Then the telephone rang, too loudly in the quiet kitchen, and Jax dropped the dish she was holding. Luckily, it clattered to the bottom of the sink without breaking. She walked over to the cordless phone on the counter and picked it up. It felt strangely heavy as she lifted it to her ear and spoke into it.

“Hello,” she croaked, her mouth as dry as sandpaper.

“Jax?” Bobby drawled from the other end. Strange, she thought. It had been so many years since she’d heard Bobby’s voice, but it sounded utterly familiar. Familiar in an awful kind of way.

She almost hung up, but she restrained herself. Because if she did hang up, he might get angry. And, insofar as she had a strategy, it involved not making Bobby angry. Or at least not any more angry than was absolutely necessary.

“Bobby?” she croaked in answer, her tongue clumsy and uncooperative in her mouth.

“That’s right, baby,” he said.
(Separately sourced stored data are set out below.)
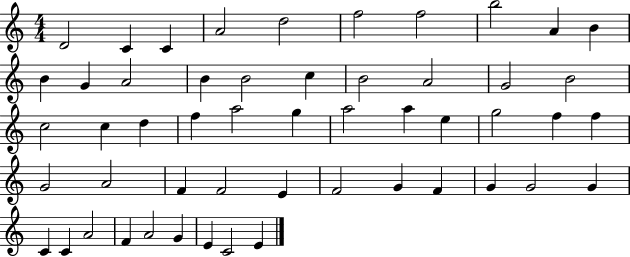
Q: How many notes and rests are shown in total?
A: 52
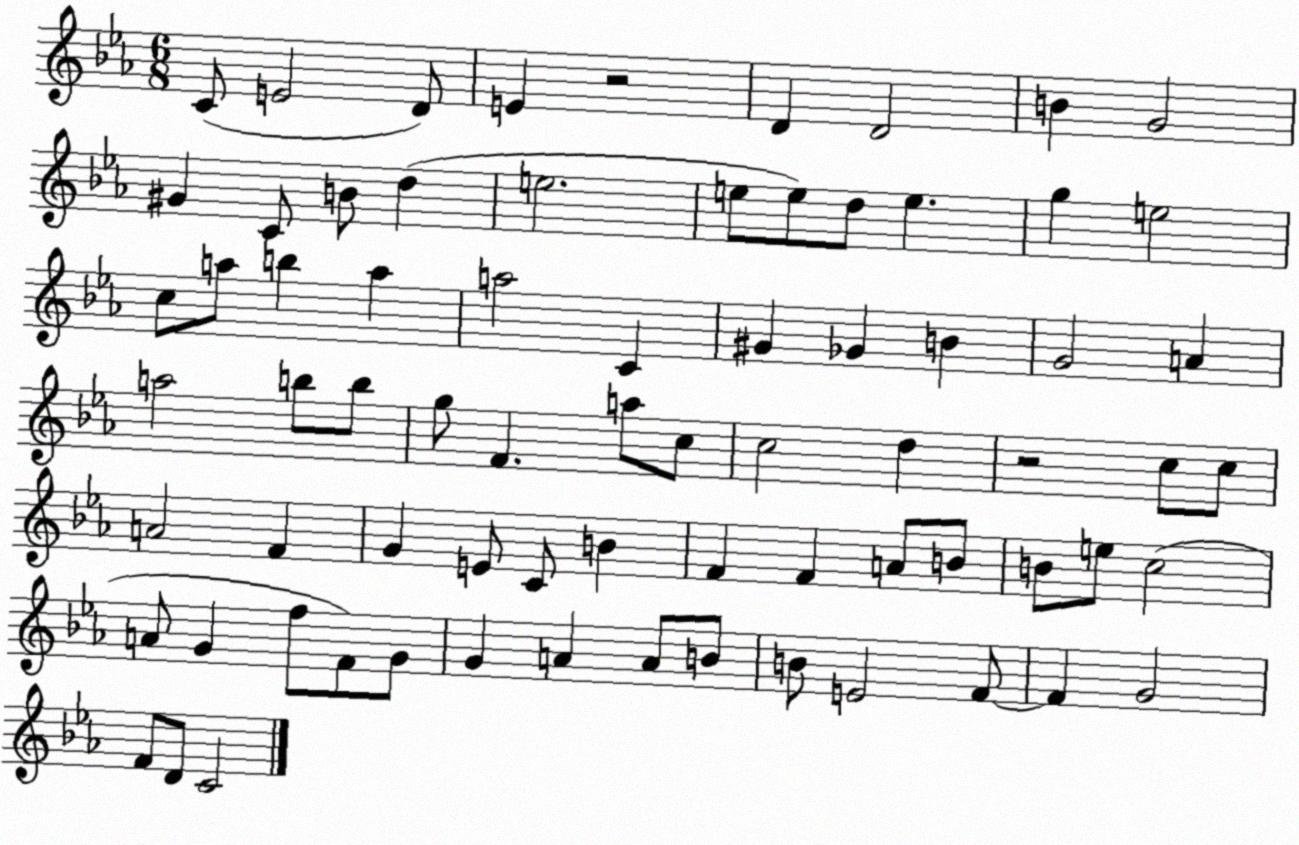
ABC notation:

X:1
T:Untitled
M:6/8
L:1/4
K:Eb
C/2 E2 D/2 E z2 D D2 B G2 ^G C/2 B/2 d e2 e/2 e/2 d/2 e g e2 c/2 a/2 b a a2 C ^G _G B G2 A a2 b/2 b/2 g/2 F a/2 c/2 c2 d z2 c/2 c/2 A2 F G E/2 C/2 B F F A/2 B/2 B/2 e/2 c2 A/2 G f/2 F/2 G/2 G A A/2 B/2 B/2 E2 F/2 F G2 F/2 D/2 C2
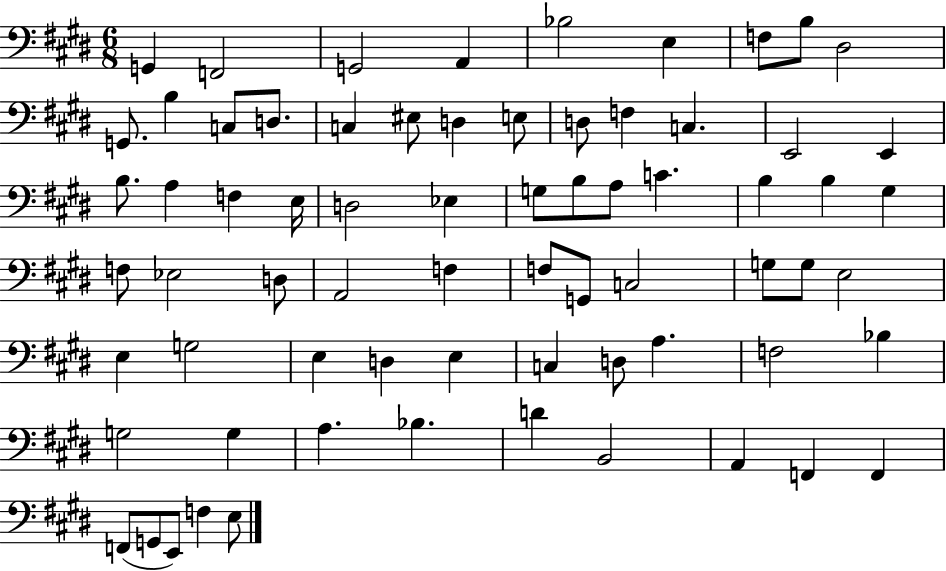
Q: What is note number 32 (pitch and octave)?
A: C4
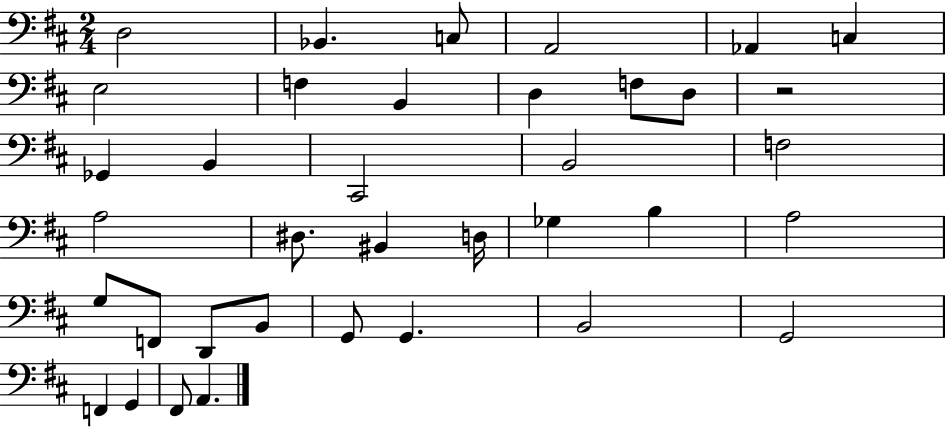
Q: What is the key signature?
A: D major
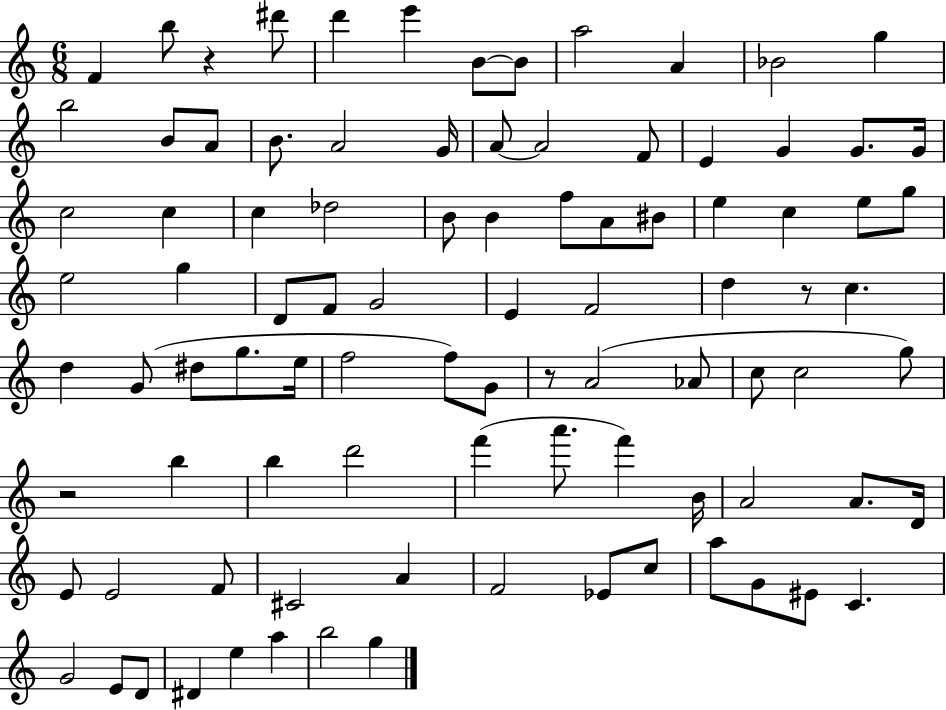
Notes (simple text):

F4/q B5/e R/q D#6/e D6/q E6/q B4/e B4/e A5/h A4/q Bb4/h G5/q B5/h B4/e A4/e B4/e. A4/h G4/s A4/e A4/h F4/e E4/q G4/q G4/e. G4/s C5/h C5/q C5/q Db5/h B4/e B4/q F5/e A4/e BIS4/e E5/q C5/q E5/e G5/e E5/h G5/q D4/e F4/e G4/h E4/q F4/h D5/q R/e C5/q. D5/q G4/e D#5/e G5/e. E5/s F5/h F5/e G4/e R/e A4/h Ab4/e C5/e C5/h G5/e R/h B5/q B5/q D6/h F6/q A6/e. F6/q B4/s A4/h A4/e. D4/s E4/e E4/h F4/e C#4/h A4/q F4/h Eb4/e C5/e A5/e G4/e EIS4/e C4/q. G4/h E4/e D4/e D#4/q E5/q A5/q B5/h G5/q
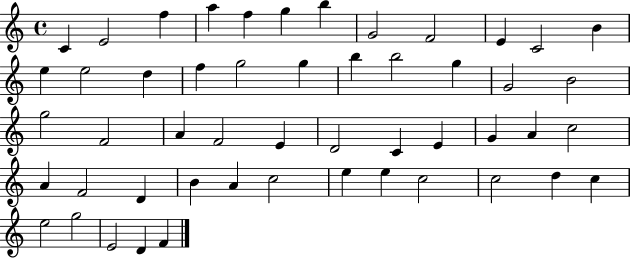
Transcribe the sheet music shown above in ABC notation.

And then he added, a little peevishly, “You don’t sound very happy to hear from me.”

“I’m just surprised,” she said, looking up at the kitchen clock. “You weren’t supposed to call for another hour.”

“Change of plans,” he said, carelessly. “Besides, I thought if I called you earlier,
she
might answer the phone. And I’ve never heard her voice before. I’d like to know what Joy’s voice sounds like, Jax. She is my daughter, after all.”

It was so quiet in the kitchen that the steady drip of water from the faucet sounded almost painfully loud. Jax groped for a chair at the kitchen table, then sank down on it just as her knees buckled uselessly beneath her.

“She’s not your daughter, Bobby,” she breathed. “I told you in my letter to you. She’s Jeremy’s daughter. I was pregnant with her when I married him.”

“Oh, you were pregnant all right,” Bobby said with a snort. “But it was with my baby, not his.”

“And you know this because . . .”

“I know this because a couple of weeks before you were hooking up with Jeremy, you were hooking up with me. You and I conceived that baby together, Jax. I know it. And you know it. And now you know that I know it.”

“But—”

“Jax, I don’t have time for this now,” Bobby snapped. “I’ve got five minutes on my calling card, and twelve guys standing in line behind me, waiting their turn. You think it’s easy to make a phone call in prison? Think again.”

Jax took a deep breath. She had to get a handle on herself.
Now
. But she also had to change her strategy. Because her denials weren’t going to work. And Bobby, for once, had the truth on his side.

“Look, Bobby. Let’s not argue about this, okay?” she said, trying a different tack. “I mean, what difference does it make, in the long run, whose daughter Joy is? Isn’t it enough to know that she has a good home here with me and Jeremy?”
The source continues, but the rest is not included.